What kind of President might Abiola have made if he had been allowed to take office? One interviewee suggests that he could have had as big an impact in Nigeria as Nelson Mandela in South Africa.
“I think he [Abiola] would have been a better president than what we had,” the director says. “He had lived life. This was a guy who was born dirt poor and rose to become a billionaire. He knew the whole gamut of society. As a philanthropist, he spent a lot of money – he literally sent thousands of people to school in Nigeria, UK and America. Most of them he never met.”
A key point is that Abiola was elected fairly and would therefore have been “answerable to the people” unlike the country’s military rulers. He was also one of the best connected politicians of his era with a huge range of global contacts. He would have got things done.
Oyamendan acknowledges that an Abiola presidency would also have faced daunting challenges. Some of the figures earmarked to be in his cabinet later turned against democracy. Western governments would have chafed against his demands for financial reparations for slavery and colonialism. The Americans would still have been keen to get hold of Nigerian oil. Even so, as the director points out, MKO represented the possibility of a better, fairer Nigeria. His supporters came from every part of Nigerian society and they didn’t vote for him simply on narrow religious or tribal grounds.
“They just felt this was the guy for us and they felt it was important to get the military out of power.”
After Abiola’s arrest, Sani Abacha became the military ruler before himself dying in murky circumstances.
US president Bill Clinton didn’t intervene on Abiola’s behalf. “There is a bit of naivety especially in Africa – people always feel these foreign powers will come and save them. Nobody is coming. They have to save themselves. That is what this showed,” the director notes.

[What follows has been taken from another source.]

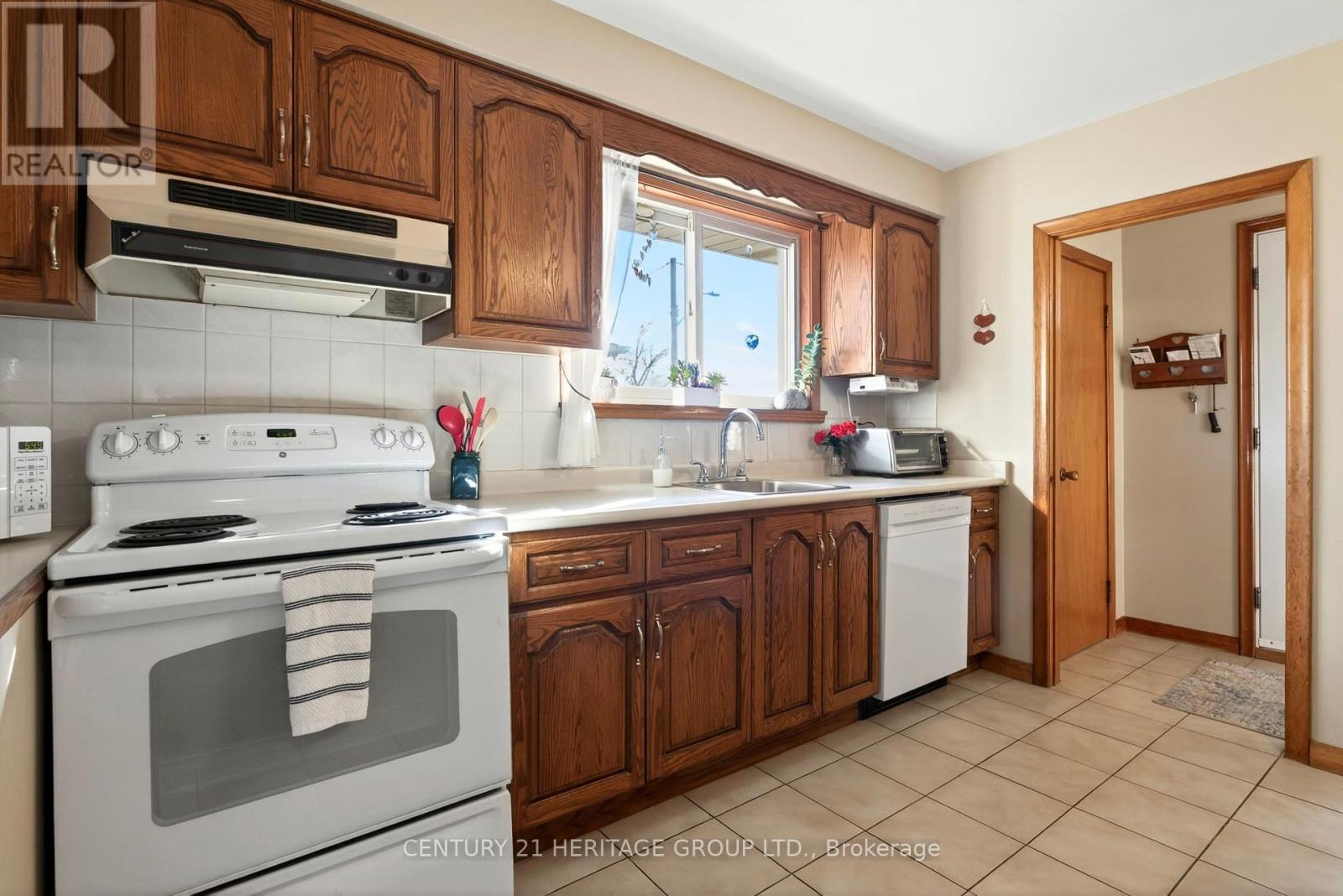 98 Cameo Avenue, Hamilton, Ontario  L8V 2H3 - Photo 17 - X12983406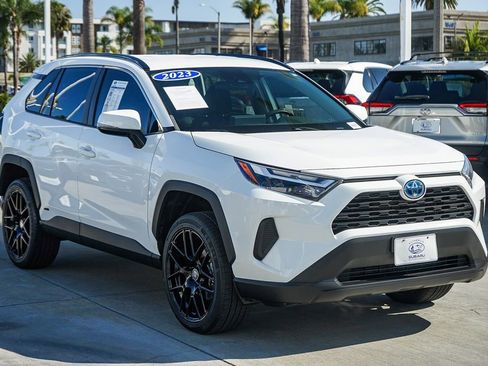 Used 2023 Toyota RAV4 XLE AWD/4WD image 3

“To understand Nigeria today, you have to understand that colonial powers never thought of it as a country. They thought of it in terms of economics….they just pulled together this vast expanse of land that they could exploit,” he goes on to explain why Nigerian politics are so fractious. “There are about 250 ethnic tribes in the country. Before they were fused together, a lot of these people had little or nothing in common. Now they have been forced to live together. When the British left, there was a lot of suspicion.”

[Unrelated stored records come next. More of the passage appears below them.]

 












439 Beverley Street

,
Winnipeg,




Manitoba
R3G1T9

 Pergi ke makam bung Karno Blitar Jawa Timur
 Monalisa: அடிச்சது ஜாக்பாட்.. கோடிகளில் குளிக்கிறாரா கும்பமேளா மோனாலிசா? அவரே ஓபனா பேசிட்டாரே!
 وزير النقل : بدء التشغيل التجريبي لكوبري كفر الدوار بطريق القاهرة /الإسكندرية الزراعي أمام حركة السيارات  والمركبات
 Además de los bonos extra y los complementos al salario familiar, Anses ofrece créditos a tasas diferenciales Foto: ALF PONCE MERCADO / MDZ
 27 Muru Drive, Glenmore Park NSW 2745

Abiola looked as though he would be the first leader to cut through the layers of mistrust but the opportunity to remould the country was taken away from him.
Not that the director believes Nigerians should still be indulging in self-pity. “Yes, the British left a very unbalanced political structure and system, but Nigeria has been independent now for 66 years. At some point, you have to grow from being a victim and use whatever your situation is for your own benefit,” he reflects. “You can’t blame the colonialists forever.”

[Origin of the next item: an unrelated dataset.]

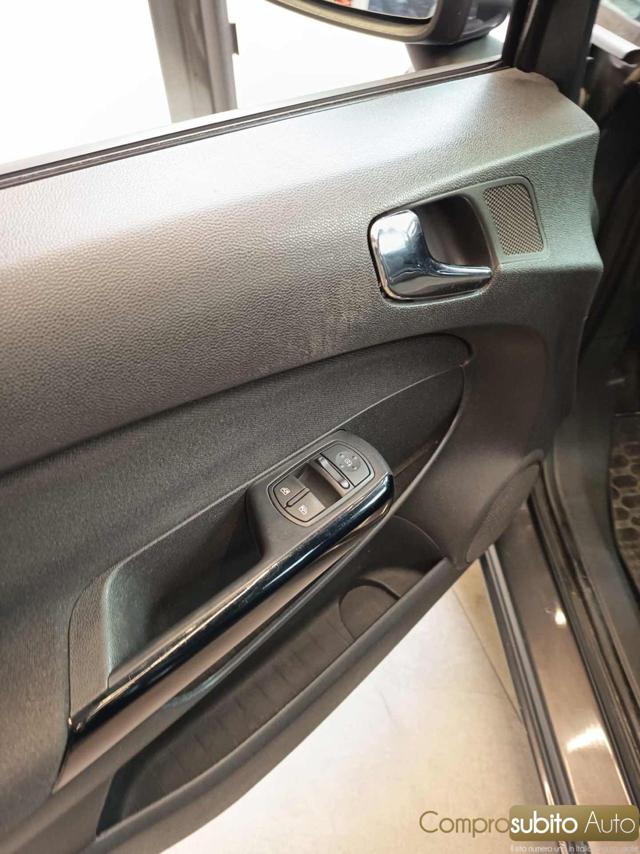 OPEL Corsa usata 26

Oyamendan met his producer Véronique Bernard through the Documentary Producers Alliance (DPA). He told her he was looking for a producer and she took up the job. She also brought aboard Genie-award winning Canadian Paul Cadieux as executive producer. Another of the exec producers is US documentary maker Mark Jonathan Harris, who has been involved in three Oscar-winning films.
In advance of the Sheffield premiere, the filmmakers cut a trailer and put it online to test audience interest. There was no fanfare or publicity but the trailer has already racked up 150,000 views. A potential distributor is lined up for Nigeria and the filmmakers are also now actively targeting the close to 17 million Nigerians who live outside the country.
Young Nigerians are reminded of Abiola by the ”Democracy Day” public holiday now held every year on the date of the election he won – and the MKO documentary is also bound further to burnish his legacy. Attempts to write him out of history have clearly failed.